Erica Hollinshead Stead touches on this in the same interview
“It felt to me as if when she utilized sexy stylization, she was making a choice to style herself that way”
But Emily Gitelman disagrees entirely
“I think the female characters in Bayonetta are presented incredibly poorly, and certainly over sexualized. They’re a male fantasy, completely. I’m going to focus on Bayonetta herself. To start with her physical appearance, Bayonetta is built like a super model, has a sexy English accent, and walks around in a skin-tight catsuit that disappears and basically gives her censor bars when she casts spells. It’s practically a reward for the player: use a powerful attack; see a naked woman. As soon as Bayonetta displays power, she is stripped of her clothing and her dignity. When her health runs too low, her catsuit also disappears. The symbolism (lip marks, flowers, butterflies) used in her attacks is very stereotypically feminine in a way that box female sexuality into a narrow category. These are calculated ways of making her seem like a Strong Female Character, but they actually undercut her agency and power as the lead character of a franchise.”
I think this touches on a particular point of tension. Is there a line between when a female character goes from embracing her own sexuality to being a sexualized object? What characterizes the crossing of that line? Does the line change if the developer is male or female?
Lara Croft – Tomb Raider
Here is a link to another poster concerning Lara Croft in the most recent Tomb Raider game
I think what is important about Lara that while she – especially in early entries in the series – is an extremely beautiful and sexual character, she is not just that. She extends beyond a mere sex object because of the depth of her character development and personality. She is unique, she has a story, and she has character.

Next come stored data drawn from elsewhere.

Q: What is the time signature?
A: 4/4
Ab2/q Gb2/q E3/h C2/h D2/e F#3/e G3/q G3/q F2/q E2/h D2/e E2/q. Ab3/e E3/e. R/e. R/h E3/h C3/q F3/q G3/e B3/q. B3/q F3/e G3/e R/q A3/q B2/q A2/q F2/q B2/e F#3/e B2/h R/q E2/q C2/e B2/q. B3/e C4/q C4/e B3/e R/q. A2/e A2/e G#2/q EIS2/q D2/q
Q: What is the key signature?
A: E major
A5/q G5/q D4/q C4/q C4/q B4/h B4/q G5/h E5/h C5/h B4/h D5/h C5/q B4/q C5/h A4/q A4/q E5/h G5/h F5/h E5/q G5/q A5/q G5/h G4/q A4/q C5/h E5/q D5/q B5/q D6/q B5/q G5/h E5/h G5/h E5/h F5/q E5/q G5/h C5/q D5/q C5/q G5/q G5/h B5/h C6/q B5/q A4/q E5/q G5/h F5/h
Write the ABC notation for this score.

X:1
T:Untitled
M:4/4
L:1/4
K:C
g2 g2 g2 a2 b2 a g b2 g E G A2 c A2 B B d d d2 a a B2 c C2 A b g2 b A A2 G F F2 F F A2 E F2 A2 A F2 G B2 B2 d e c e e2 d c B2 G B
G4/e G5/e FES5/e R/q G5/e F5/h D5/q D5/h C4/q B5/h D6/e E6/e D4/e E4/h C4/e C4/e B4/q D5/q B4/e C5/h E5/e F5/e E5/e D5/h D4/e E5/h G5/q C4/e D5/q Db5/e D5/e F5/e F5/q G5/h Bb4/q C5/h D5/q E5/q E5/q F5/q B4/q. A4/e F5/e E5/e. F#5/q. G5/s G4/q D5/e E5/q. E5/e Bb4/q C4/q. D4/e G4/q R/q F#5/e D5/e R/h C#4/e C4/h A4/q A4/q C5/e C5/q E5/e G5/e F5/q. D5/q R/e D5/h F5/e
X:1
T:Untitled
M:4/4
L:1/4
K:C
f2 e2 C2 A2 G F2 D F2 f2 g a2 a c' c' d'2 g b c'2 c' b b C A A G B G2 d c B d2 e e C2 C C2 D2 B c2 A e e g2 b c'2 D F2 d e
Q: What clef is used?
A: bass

However, I think the fact that she is beautiful has caused to be treated as a sex object outside the game. The character is featured in movies, as action figures, and various other merchandise. In most of these characters, the things that make her originally unrealistic physique acceptable are lost. The important issue here I find is outside the video game industry where her story exists, and is symptomatic of a larger issue in media portrayal.
Another thing interesting to look at regarding Lara is her visual progression.
There is a clear reduction in her sexuality over the course of the franchise and playing the games, there is a clear increased focus on her humanity and story. I think this shift of focus is powerful and symbolic of a greater awareness in the industry concerning the plight of female gamers.
In regards to the article by my fellow VGBoundaries poster: I believe that the interview with the producer represent the lack of faith (perhaps justified, perhaps not) in developers of their audience. Still, I think the developers wanted Lara to be more than a damsel or sex object, but in their creation of this greater character, were aware of their market. In this sense, I find it to be less of a problem as in these discussion it is important to remember that these AAA development teams are businesses first and artists/activists second – the ability for this group to perform the function of both in this scenario, in some twisted way, can be a good thing.